A base da Reforma é tecnológica

As empresas que mantêm sistemas legados ou soluções desatualizadas enfrentarão dificuldades maiores durante a transição. O backlog tecnológico – aquele acúmulo de atualizações e modernizações que foram sendo postergadas ao longo dos anos – agora se comporta como uma bola de neve crescente e, o que começou como um pequeno adiamento de atualizações, ganha volume, velocidade e força em intervalos cada vez menores. Assim, desafios operacionais acumulados podem se tornar impeditivos para a adaptação ao novo modelo.

As soluções de gestão tributária precisarão realizar atualizações contínuas para se alinhar com as novas regulamentações, com um volume, pelo menos, duas vezes maior de obrigações a considerar, com os dois modelos. Haverá maior necessidade de automação e precisão nos cálculos tributários, geração de obrigações acessórias e avaliações tributárias. Sistemas que não estejam preparados para essa realidade podem comprometer toda a operação da empresa.

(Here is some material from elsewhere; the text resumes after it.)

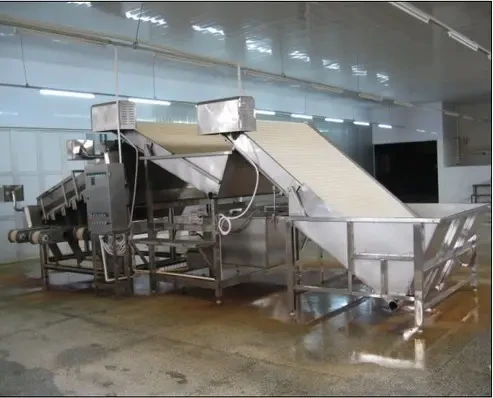 onion grading machine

O planejamento de cenários e a análise de impacto tornam-se ferramentas essenciais nesse contexto. Desenvolver cenários baseados em possíveis resultados permite criar estratégias flexíveis que podem ser ajustadas conforme a regulamentação tributária evolui. A análise de impacto, por sua vez, ajuda a entender como as diferentes áreas do negócio serão afetadas.

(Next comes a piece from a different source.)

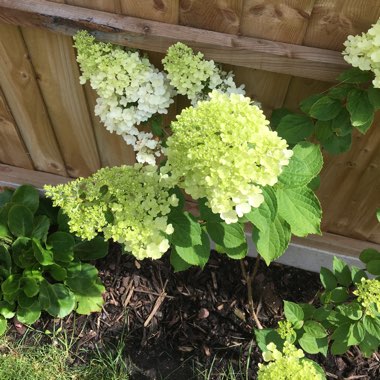 Hydrangea 'Limelight'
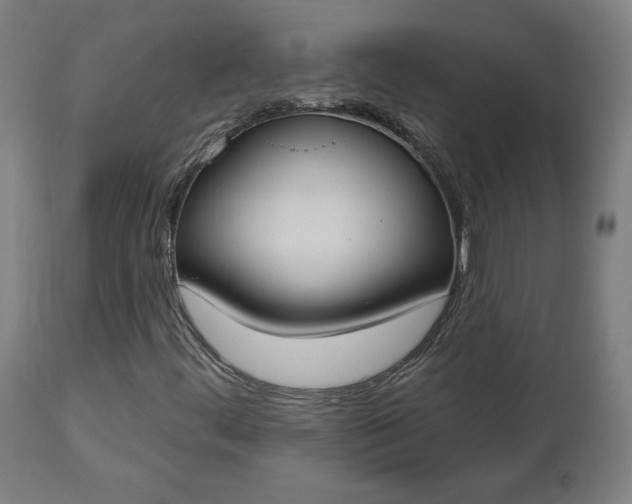 X0000112501444200908241338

Mais da metade dos profissionais entrevistados (52%) considera importante usar ferramentas de simulação de cenários para avaliar o impacto do novo modelo tributário sobre seus preços. Essas ferramentas permitem antecipar os efeitos da Reforma sobre a competitividade dos produtos e serviços, possibilitando ajustes estratégicos antes mesmo da implementação completa das novas regras.

Uma oportunidade disfarçada de desafio

A Reforma Tributária representa, sem dúvida, um desafio significativo para as empresas que operam no Brasil. No entanto, como toda grande transformação, também traz consigo oportunidades para aqueles que souberem se preparar adequadamente.

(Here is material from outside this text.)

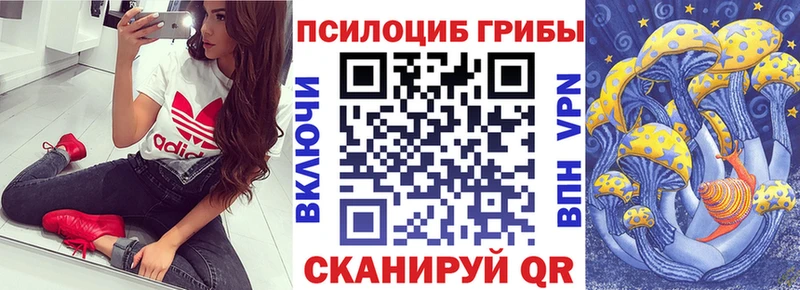 Галлюциногенные грибы мухоморы  Княгинино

As empresas que investirem em tecnologia, capacitação de talentos e planejamento estratégico não apenas garantirão sua conformidade com o novo regime tributário, mas também poderão obter vantagens competitivas significativas. A simplificação do sistema tributário, a redução da complexidade e a maior clareza no planejamento fiscal são benefícios potenciais que podem ser maximizados por organizações bem-preparadas.

As empresas que se anteciparem estarão posicionadas não apenas para cumprir as novas regras, mas para transformar esse desafio em uma oportunidade de modernização, eficiência e crescimento sustentável. O relógio dessa transformação fiscal e tecnológica já está em contagem regressiva: o caminho até 2033 pode parecer longo, mas a preparação é urgente e deve começar agora.

*Luciano Idésio é Vice-presidente do segmento de Corporações para América Latina na Thomson Reuters.